I had a pleasant surprise on my first day at ‘proper’ work after college (I’d joined Gillette on a graduate entry scheme). We were all given a large pay rise from the graduate offer – in my case, more than 35%; and we were told that our pay would be increased each month in line with inflation.
Yes, you’ve guessed it I started work in the mid 70’s, when inflation was more than 2% a month in the UK. Difficult to credit now, or to imagine that those days can ever come around again. But, it’s very easy to forget the lessons learnt in that period, and to assume that current experience is the norm.
Which leads me on to the point of this blog: how do you get strategists and planners to genuinely think the unthinkable when they are considering the future, and where to go with their business? It’s difficult not to be driven by two main factors when considering the future; extrapolating current trends, or calculating the impact of an impending – but predictable – big event.
At the moment then, many business strategists will be considering where digital technology takes us, and working out the possible impact of Brexit – which, it is clear, is of global significance. These are important – but they don’t fully allow for the consideration of the truly bizarre ‘what if’ scenarios, which may be unlikely but which genuinely can change everything.
The biggest single ‘event’ of my working life was the collapse of the Warsaw Pact in 1989, and the subsequent breakup of the USSR in 1991. The aftershocks of this seismic event will continue for years, and have had profound effects on every organisation we have worked for since that time. My guess is, however, that few organisations outside a select few sectors, such as defence, made any assumptions about the events of 1989 when they produced their strategies and plans in 1988.
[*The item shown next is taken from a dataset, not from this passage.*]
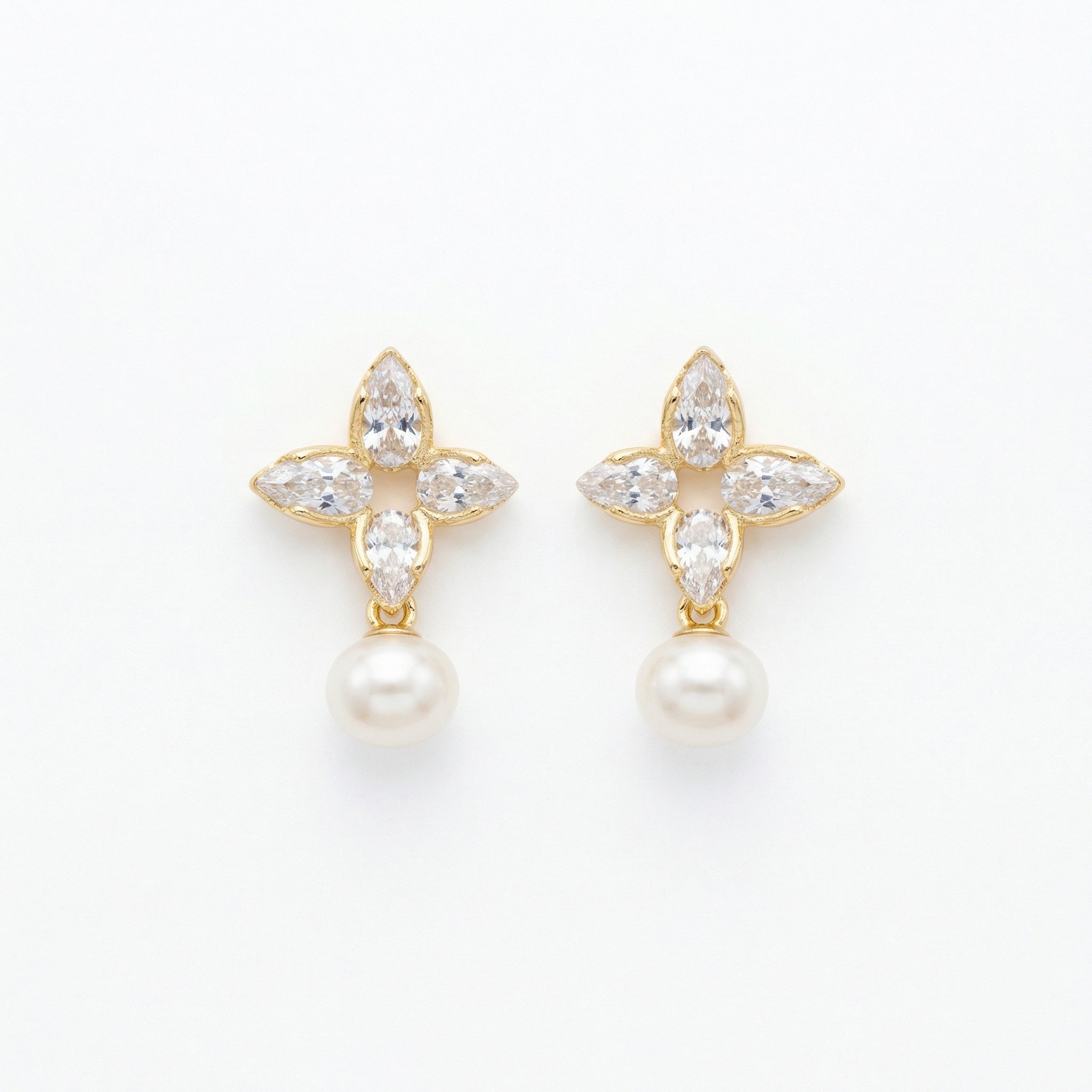 925 Sterling Silver Elegant Marquise Floral Drop Earrings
Planning, and planning assumptions, always sound like one of the drier parts of business. In fact, they should draw on, and benefit from, the best brains, and seek to equip organisations with the greatest of planning gains – sustainability. We may not be in for another seismic event like 1989 in the next few years, but I hope you’re including in your planning the likelihood and impact of a new leader in North Korea, the end of the Syrian Civil War, and England winning the European Championship! (only kidding about the last one!)